Don Milani contro Gentile: il disastro della scuola italiana è servito

21 Gen 2020 15:15 - di Mario Bozzi Sentieri
scuola

Scuola da rifondare. Riceviamo da Mario Bozzi Sentieri e volentieri pubblichiamo: caro Direttore

Archiviata, dopo le rettifiche del caso, la vicenda della scuola romana. Che, sul proprio sito internet ha messo improvvidamente in evidenza di avere una sua sede composta da allievi solo di “ceto medio alto e di figli dell’alta borghesia”; con un altro plesso frequentato da “alunni di estrazione sociale medio-bassa”;  rimane, al fondo, lo stato della Scuola italiana a ricordarci le inadempienze di un’Istituzione cardine. Dalla Scuola passa l’identità collettiva nel rapporto immediato con le nuove generazioni. La Scuola è specchio e modello del Paese. Per questo richiederebbe maggiore attenzione e più puntuali interventi da parte di chi ha responsabilità di governo. Purtroppo non è così. E non a caso.

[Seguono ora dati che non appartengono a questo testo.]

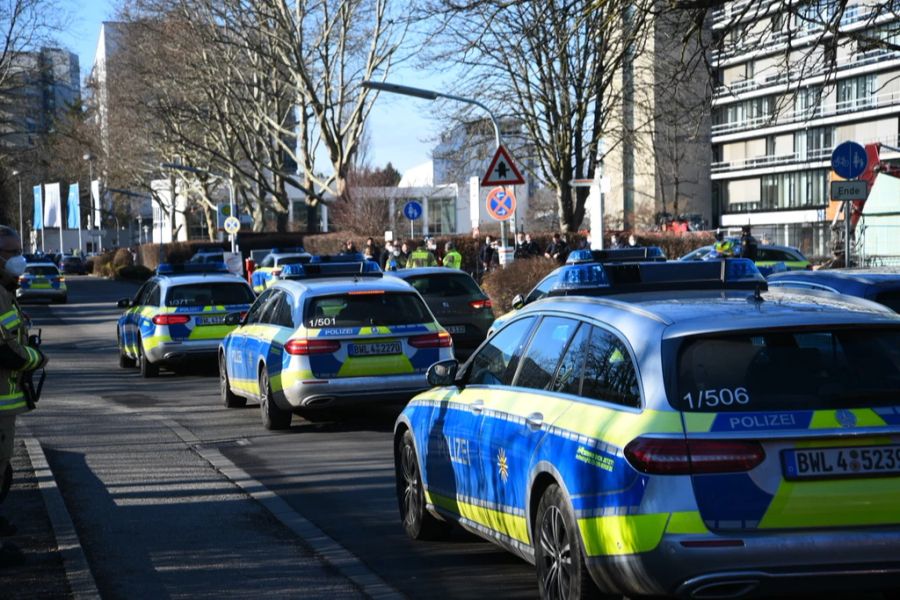 An der Uni Heidelberg (D) hat ein 18-Jähriger eine junge Frau getötet und drei weitere junge Menschen leicht verletzt.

Scuola smontata, pezzo dopo pezzo

Essere consapevoli dei problemi della Scuola italiana necessita infatti di un’idea di futuro che la politica italiana non sembra avere. Il limite dell’attuale approccio all’ “istruzione” è infatti, quando c’è, l’ordinarietà: rattoppare gli istituti scolastici (vecchi e fatiscenti). Migliorare i livelli retributivi degli insegnanti (sempre più bassi rispetto a quelli dei colleghi europei). Informatizzare l’operatività interna ed esterna. Di più non sembra esserci, nella diffusa inconsapevolezza del valore della Scuola. “Non ci siamo accorti di come, pezzo dopo pezzo, venivano smontate parti decisive di quella scuola dove la maggior parte di noi è cresciuta. Parti che venivano sostituite con materiali fasulli, conditi di propositi tanto altisonanti quanto in sostanza vuoti. Che ogni volta lasciavano le cose un po’ peggio di prima”. Come ha scritto Ernesto Galli della Loggia in L’aula vuota. Come l’Italia ha distrutto la sua scuola.

Sono rimasti i detriti

Ciò che è rimasto sono i detriti di quei “propositi altisonanti”: il livellamento antimeritocratico: (“Non bocciare”, si legge in Lettera a una professoressa, testo cult degli Anni Sessanta); l’idea che “tutti sono adatti a tutte le materie”; “pieno tempo” come arma anticlassista che  “caccia i ricchi”; e poi – sempre più – il depotenziamento del ruolo dell’insegnante, con la sua ovvia frustrazione; la “diseducazione” delle famiglie, disilluse – non poteva non essere altrimenti – riguardo alla funzione sociale della Scuola.
La Scuola di Barbiana di don Milano contro Giovanni Gentile ci ha portato a questi risultati. Prenderne atto non basta. Da qui bisogna partire. Magari riscrivendo i principi che debbono stare nuovamente alla base degli orientamenti scolastici. Dando concreta realizzazione al dettato costituzionale in tema di libertà d’insegnamento;  di libero accesso all’istruzione (e quindi con un autentico confronto competitivo tra Scuola pubblica e scuole private);  di autentico riconoscimento del diritto allo studio a favore dei “capaci e meritevoli”.

E’ proprio per uscire fuori da visioni “di classe”, che occorre identificare chiari percorsi meritocratici. Gli unici peraltro che possono rimettere in moto il cosiddetto “ascensore sociale”, in grado di ridare dignità all’insegnamento ed autorevolezza agli insegnanti. Occorre di riconoscere il valore dello studio; fare ritrovare alle famiglie un percorso di crescita sociale per i loro figli. E riconnettere Scuola e mondo del lavoro.

Al di là dei principi costituzionali c’è bisogno di una nuova “Carta della Scuola” che indichi priorità e riordini i percorsi scolastici su basi meritocratiche, facendo ritrovare – per dirla ancora con Galli della Loggia – “la tradizionale centralità che nell’istruzione dell’Occidente ha avuto, fino a tempi recenti, la cultura umanistica con i suoi insegnamenti”. Di un nuovo Umanesimo c’è insomma bisogno, di un Umanesimo della Cultura e del Lavoro. Da lì può partire non solo la Ricostruzione della Scuola ma dell’intera società.